About this exercise: Restate the records that follow word for word. Omit the images.

Provided data:
▶

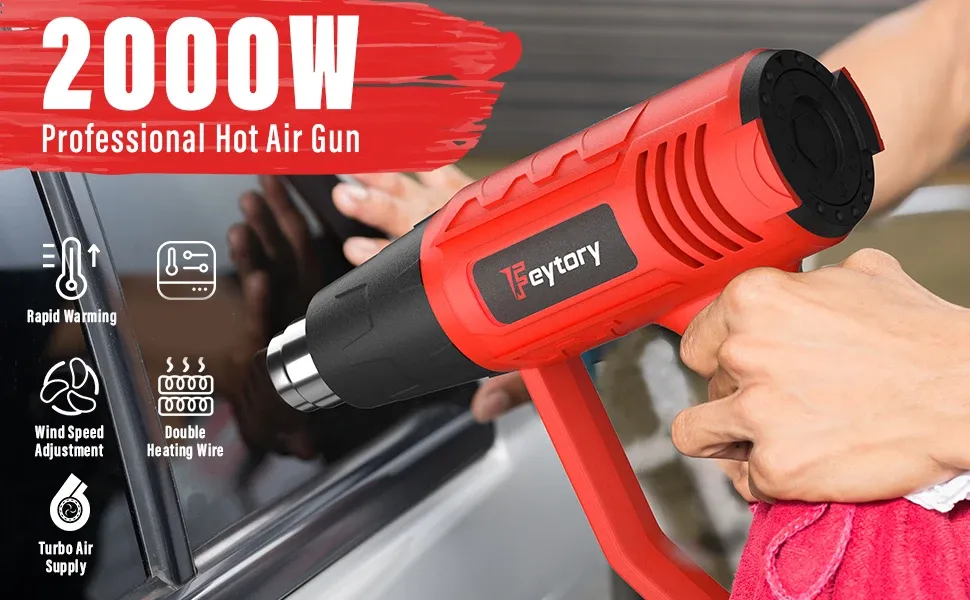 Pistolet thermique 2000W 300 à 600 °C rouge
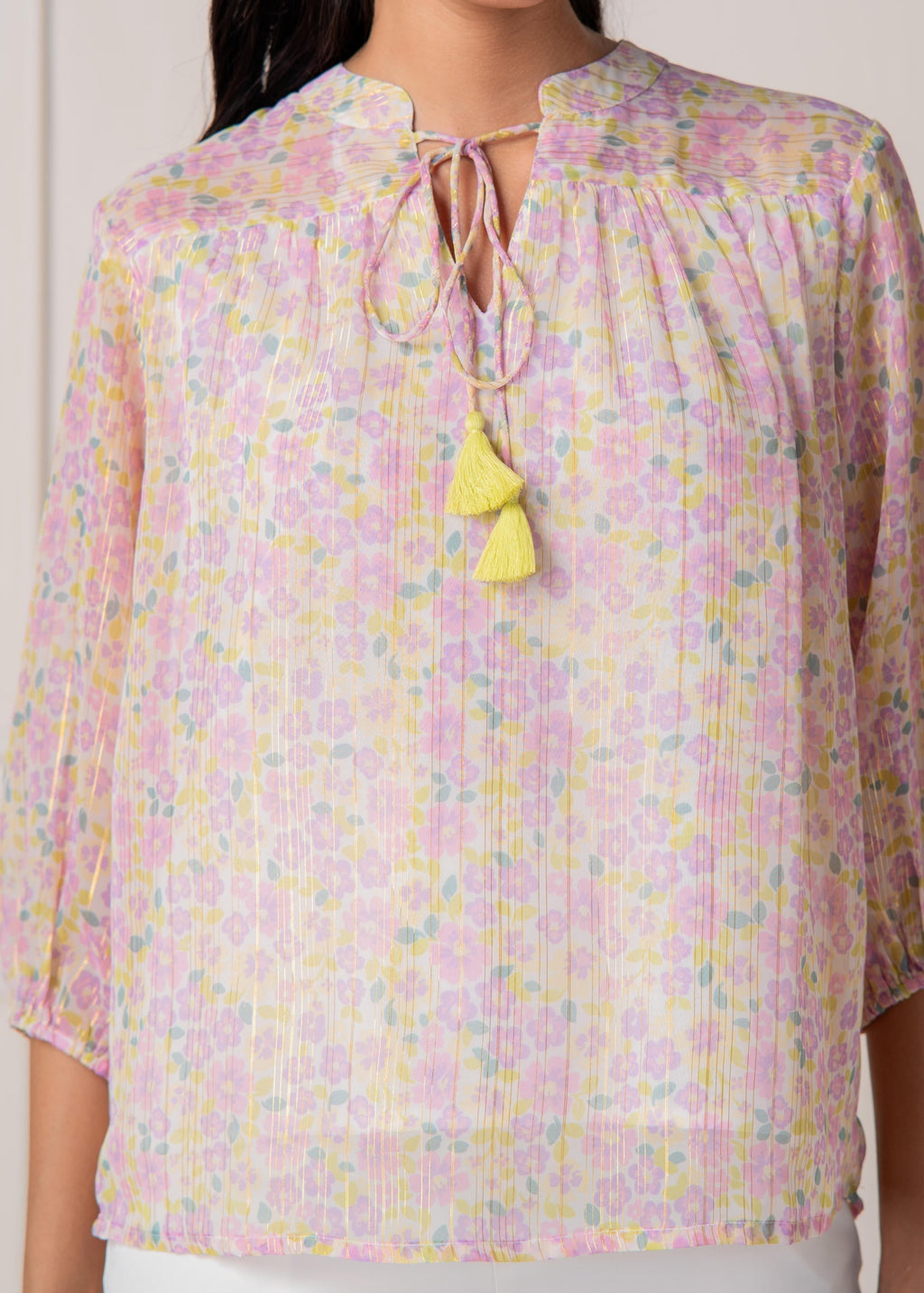 Juniper Lamora Pastel Floral Tie-Neck Peasant Top With Tassels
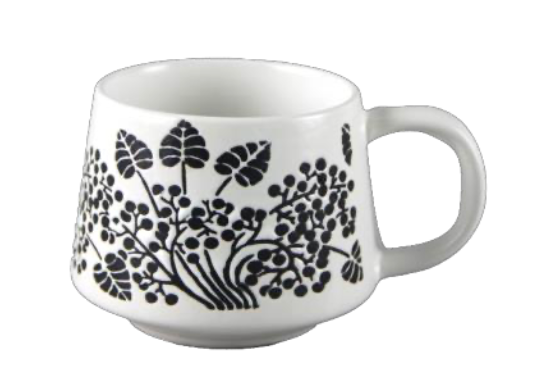 Botanical Elegance Black and White Ceramic Mugs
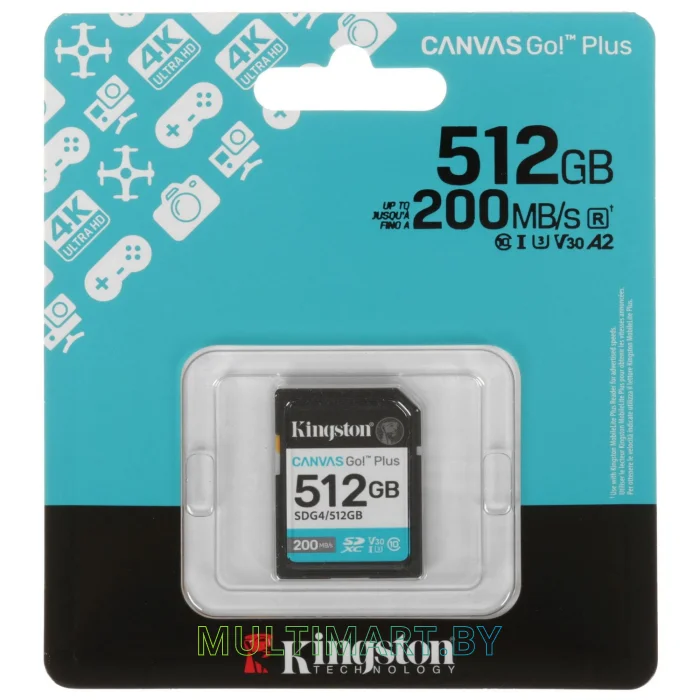 Карта памяти Kingston Canvas Go! Plus SDXC 512GB (SDG4/512GB)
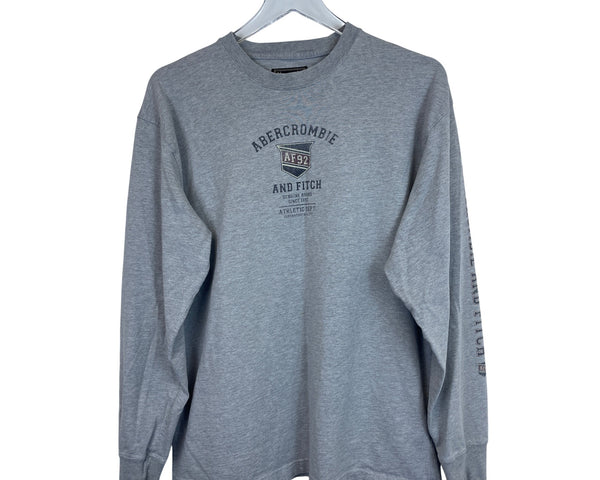 Abercrombie & Fitch Mens Gray Cotton Long Sleeve Graphic Crewneck Shirt Size M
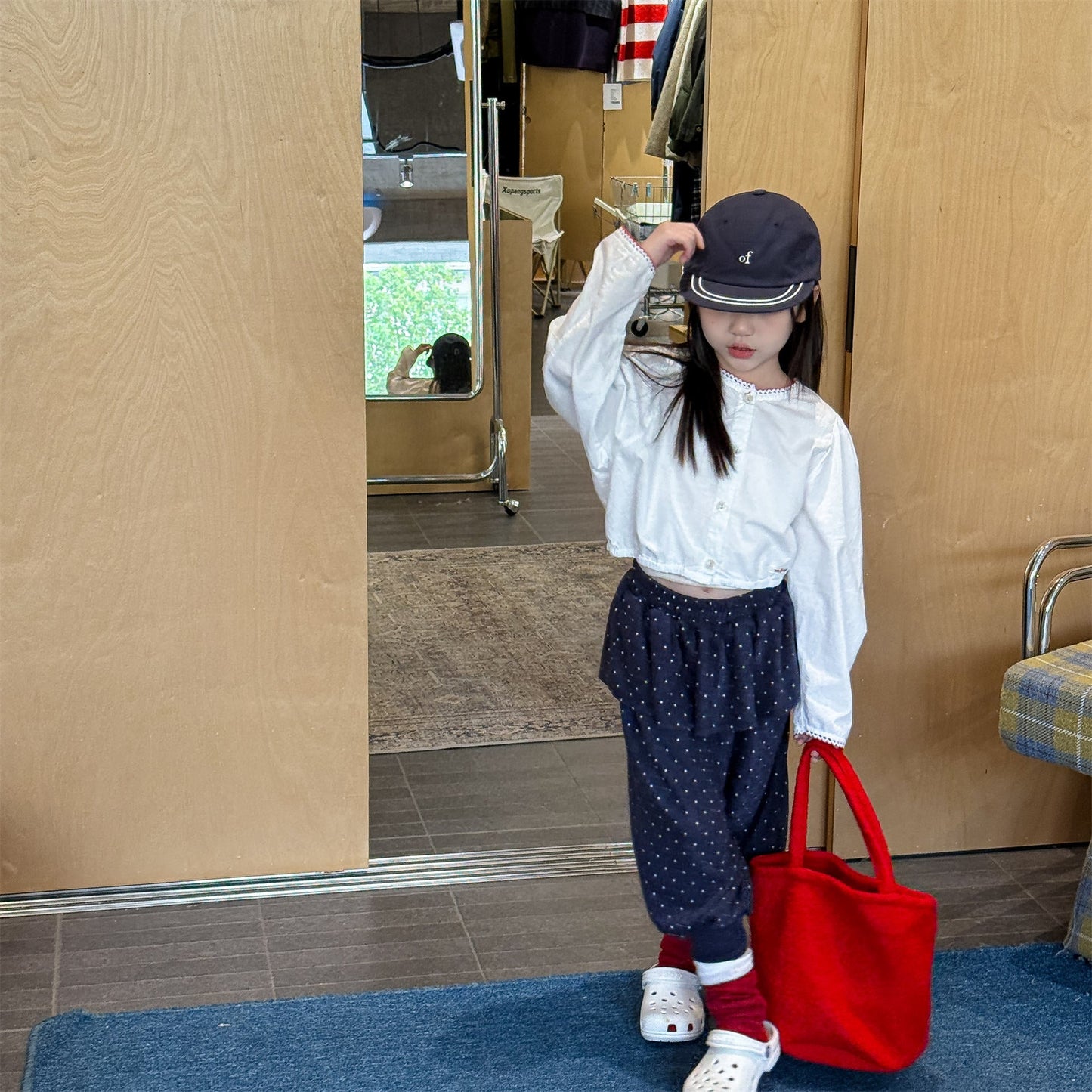 Dot Ruffle Cotton Harem Pants ドット ラッフル スウェットパンツ【mh0012447】 ADbaby ロングパンツ・スウェットパンツ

◀

Written solution:
 Pistolet thermique 2000W 300 à 600 °C rouge
 Juniper Lamora Pastel Floral Tie-Neck Peasant Top With Tassels
 Botanical Elegance Black and White Ceramic Mugs
 Карта памяти Kingston Canvas Go! Plus SDXC 512GB (SDG4/512GB)
 Abercrombie & Fitch Mens Gray Cotton Long Sleeve Graphic Crewneck Shirt Size M
 Dot Ruffle Cotton Harem Pants ドット ラッフル スウェットパンツ【mh0012447】 ADbaby ロングパンツ・スウェットパンツ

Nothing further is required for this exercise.